[Brief descriptive captions]
++++++++++++++++++++
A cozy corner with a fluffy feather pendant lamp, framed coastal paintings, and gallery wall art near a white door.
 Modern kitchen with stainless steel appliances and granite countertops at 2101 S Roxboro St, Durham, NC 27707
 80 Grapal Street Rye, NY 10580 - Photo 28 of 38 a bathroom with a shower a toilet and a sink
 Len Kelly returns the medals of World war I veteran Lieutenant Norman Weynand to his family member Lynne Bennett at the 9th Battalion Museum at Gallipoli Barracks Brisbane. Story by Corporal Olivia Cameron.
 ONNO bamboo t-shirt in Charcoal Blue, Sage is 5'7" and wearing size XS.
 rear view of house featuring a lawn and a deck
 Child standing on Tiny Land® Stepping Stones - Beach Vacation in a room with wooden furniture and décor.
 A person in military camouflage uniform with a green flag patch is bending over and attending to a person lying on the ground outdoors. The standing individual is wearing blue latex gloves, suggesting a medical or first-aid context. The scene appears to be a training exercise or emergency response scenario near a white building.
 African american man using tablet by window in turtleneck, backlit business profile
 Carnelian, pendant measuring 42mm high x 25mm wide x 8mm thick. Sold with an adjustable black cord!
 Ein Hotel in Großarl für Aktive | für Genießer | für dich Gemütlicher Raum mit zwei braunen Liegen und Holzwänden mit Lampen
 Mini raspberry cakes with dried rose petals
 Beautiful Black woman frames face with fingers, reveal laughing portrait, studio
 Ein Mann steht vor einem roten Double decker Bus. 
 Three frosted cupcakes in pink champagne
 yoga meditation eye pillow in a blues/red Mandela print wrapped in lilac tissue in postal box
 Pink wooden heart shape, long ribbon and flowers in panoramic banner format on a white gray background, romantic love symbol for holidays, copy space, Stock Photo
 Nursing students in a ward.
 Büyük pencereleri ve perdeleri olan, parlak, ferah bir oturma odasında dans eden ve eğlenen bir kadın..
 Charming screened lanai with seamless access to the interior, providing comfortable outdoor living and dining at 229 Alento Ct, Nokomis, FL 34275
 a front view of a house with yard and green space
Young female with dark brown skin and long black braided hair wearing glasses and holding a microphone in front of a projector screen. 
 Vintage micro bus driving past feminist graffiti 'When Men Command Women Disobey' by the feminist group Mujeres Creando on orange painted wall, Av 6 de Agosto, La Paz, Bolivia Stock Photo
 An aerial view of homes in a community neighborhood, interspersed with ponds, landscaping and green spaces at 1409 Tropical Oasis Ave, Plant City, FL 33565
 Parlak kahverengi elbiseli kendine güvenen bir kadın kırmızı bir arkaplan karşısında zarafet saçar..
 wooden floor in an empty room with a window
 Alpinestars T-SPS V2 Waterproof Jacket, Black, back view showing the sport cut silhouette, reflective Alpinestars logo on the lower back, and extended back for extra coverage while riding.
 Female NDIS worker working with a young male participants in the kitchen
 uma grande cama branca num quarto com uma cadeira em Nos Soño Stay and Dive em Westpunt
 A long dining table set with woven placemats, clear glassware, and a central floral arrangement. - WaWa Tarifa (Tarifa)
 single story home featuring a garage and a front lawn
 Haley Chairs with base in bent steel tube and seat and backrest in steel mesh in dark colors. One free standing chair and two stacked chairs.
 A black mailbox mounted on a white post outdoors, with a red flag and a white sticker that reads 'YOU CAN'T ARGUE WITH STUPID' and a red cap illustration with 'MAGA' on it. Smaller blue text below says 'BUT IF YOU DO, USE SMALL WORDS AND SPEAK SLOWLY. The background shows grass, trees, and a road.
++++++++++++++++++++
Work to complete: Whenever a line of the entries contains the string "wearing", copy that line.

Your solution:
 ONNO bamboo t-shirt in Charcoal Blue, Sage is 5'7" and wearing size XS.
 A person in military camouflage uniform with a green flag patch is bending over and attending to a person lying on the ground outdoors. The standing individual is wearing blue latex gloves, suggesting a medical or first-aid context. The scene appears to be a training exercise or emergency response scenario near a white building.
Young female with dark brown skin and long black braided hair wearing glasses and holding a microphone in front of a projector screen. 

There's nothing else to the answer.